No estádio actual, o capitalismo tende a impor uma sociedade de consumo e a criar uma globalização de cidadãos que devem estar predispostos a consumir, abdicando da reclamação e do confronto de interesses ou de posições. Isto é tanto mais evidente quanto os governos ou reclamam o fim da conflitualidade ou a escamoteiam. Em qualquer dos casos, transferem para o lado dos opositores – sejam eles os sindicatos, os manifestantes da oposição ou os intelectuais – o ónus da criação do conflito, escamoteando também que o conflito resulta sempre do confronto de interesses e que os interesses estão associados a valores. Ao trabalho intelectual que deve subentender aquilo a que os gregos chamavam aletheia (a desocultação e a justiça das coisas) cabe não só assumir o conflito como, se necessário, produzi-lo. E ele é tão ou mais relevante quanto muitos outros o não podem fazer por receios vários.
Não se trata de reeditar a ideia do intelectual orgânico de Gramsci, uma ideia vanguardista de fusão do intelectual com o povo. Trata-se de fazer política com as palavras, repondo a ideia expressa na teoria da política de J.L Austin segundo a qual os actos da fala podem ser de enorme força reclamativa.
Uma das tarefas prementes do tempo presente é entender, desconstruir e explicar os mecanismos de dominação que passaram de fases de primarismo pós-industrial para a globalização financeira suportada pela proximidade e entreajuda entre os governos nacionais e os governos financeiros. Porém, nem tudo é igual e as proposições generalistas e a longo prazo falham por transferirem para o futuro impensado projecções que olvidam o presente.
Por isto, a análise dos mecanismos de dominação deve ser feita compreendendo e intervindo na conjuntura precisa.
Era isto o que preconizava Stuart Hall ao afirmar que “o terreno complexo e historicamente específico de uma crise que afecta – mas de formas desiguais – uma formação específica social-nacional como um todo” deve ser tomado como o momento em que se acumulam coisas, se intensificam contradições, se fundem ou separam pensamentos e actos ou acontecimentos – havendo em todos eles conflito. Daí a importância de trabalhar sobre a conjuntura e nela intervir intelectualmente, até porque as forças dos conflitos estão em contante mutação.
Não estamos condenados a conflitos internos e por vezes surge algum equilíbrio entre as forças. Deste momento pode dizer-se ser de compromisso entre as partes, o que pode ter alguma durabilidade exterior; mas em qualquer conjuntura o conflito está ou latente ou manifesto.
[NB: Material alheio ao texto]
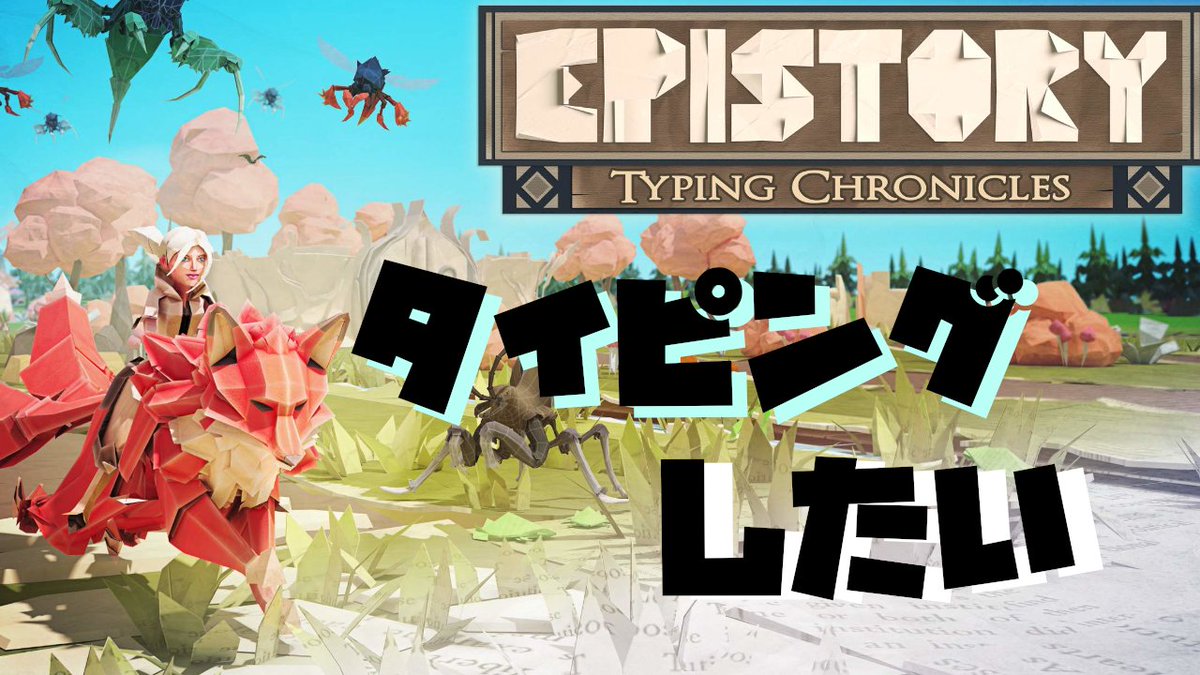 shirakumo_shigu's tweet image. ✨☁ 配信告知 ☁✨

このあとすぐ配信します

今日はタイピングゲーにチャレンジ‼
ブラインドタッチしっかりできるようになりたいんじゃ…😇

配信場所はこちら↓
youtube.com/live/LcMV4LSJX…

#epistory #vtuber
Importa nunca confundir compromisso com consenso. Enquanto o primeiro resulta de negociação cultural na mais abrangente definição deste termo, o segundo – o consenso – é o adiamento de um conflito, um modo cínico de enfraquecer a energia potencial e criadora que existe no conflito quando este está ainda muito longe de ser guerra.
A este propósito, e para evitar a culpa que a noção de conflito pode inculcar em alguns intelectuais, será oportuno reler a peça Mãe Coragem de Bertolt Brecht – onde, para evitar assumir o conflito, a heroína conduz à morte os dois filhos. Também oportuna será a leitura de Na solidão dos campos de algodão de Bernard-Marie Koltés, onde fica explícito que é prioritário assumir o conflito como inevitabilidade entre sujeitos opostos e só enfrentando-o se pode conseguir uma paz episódica. Só assim se entende que o que define o intelectual e lhe dá autoridade é a sua capacidade de criar alteridade. Caso contrario, o intelectual não é necessário.